Superstruct Entertainment, le groupe paneuropéen de festivals détenu majoritairement par le fonds d'investissement KKR depuis un rachat à 1,3 milliard d'euros en juin 2024, a dissous Apenkooi Events, le promoteur amstellodamois derrière DGTL. La branche néerlandaise de Superstruct, ID&T, avait pris une participation dans Apenkooi dès 2022, dans la société qui chapeautait DGTL, STRAF_WERK, Pleinvrees, Amsterdam Open Air et The Gardens of Babylon.
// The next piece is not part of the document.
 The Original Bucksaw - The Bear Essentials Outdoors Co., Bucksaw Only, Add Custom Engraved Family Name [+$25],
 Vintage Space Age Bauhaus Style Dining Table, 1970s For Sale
Trois ans plus tard, selon IQ Magazine et New Industry Focus, cette participation s'est transformée en liquidation pure et simple : STRAF_WERK, Pleinvrees et Amsterdam Open Air sont tous supprimés. Apenkooi avait pourtant démarré modestement, en 2004, avec une seule soirée au Club Monza d'Utrecht, bien avant d'entrer dans un portefeuille de private equity.

Pourquoi DGTL survit et pas les trois autres ?
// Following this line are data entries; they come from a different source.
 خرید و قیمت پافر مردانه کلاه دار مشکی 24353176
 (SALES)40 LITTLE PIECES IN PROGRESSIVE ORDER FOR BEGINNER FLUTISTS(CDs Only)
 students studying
DGTL n'est pas annulé, mais il n'est plus indépendant non plus. Sa programmation, sa production et son marketing basculent sous Awakenings, la marque techno que la branche ID&T de Superstruct fait déjà tourner. Un porte-parole de Superstruct Pays-Bas a parlé d'un « processus d'optimisation du portefeuille » destiné à « l'efficacité et à la cohérence de la production, du management, de la programmation et du marketing ». Traduit hors du langage de conseil d'administration : les festivals qui n'ont pas la force de vente ou la notoriété internationale de DGTL sont débranchés, et celui qui l'a est absorbé par la marque sœur qui a déjà la machine en marche. The Gardens of Babylon survit lui aussi, ailleurs dans le groupe. STRAF_WERK, Pleinvrees et Amsterdam Open Air, eux, ne valaient pas le coût de la lumière allumée.

« Une décision a été prise de mettre fin à Apenkooi Events dans le cadre d'un processus d'optimisation du portefeuille. »
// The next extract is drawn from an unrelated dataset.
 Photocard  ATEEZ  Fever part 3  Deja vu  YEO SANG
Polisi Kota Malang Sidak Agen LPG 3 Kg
Pourquoi ça fait mal au-delà d'Amsterdam ?

Parce que c'est la preuve la plus nette à ce jour de ce qui arrive quand une identité de festival distincte se retrouve dans le bilan d'un fonds de private equity : soit elle devient assez grosse pour justifier sa propre ligne comptable, soit elle est fusionnée dans la marque qui a déjà l'échelle. DGTL a construit sa réputation sur deux décennies comme l'un des rendez-vous techno et house les plus respectés des Pays-Bas, à son rythme, sous son propre nom. Désormais, son calendrier, sa programmation et son marketing répondent à la même équipe qui dirige Awakenings. Personne en dehors du groupe n'est obligé d'apprécier ce calcul, mais les promoteurs indépendants qui observent les autres marques de Superstruct, Sonar, Sziget et les autres, savent très bien où ça mène : moins de noms, moins d'identités, le même conglomérat.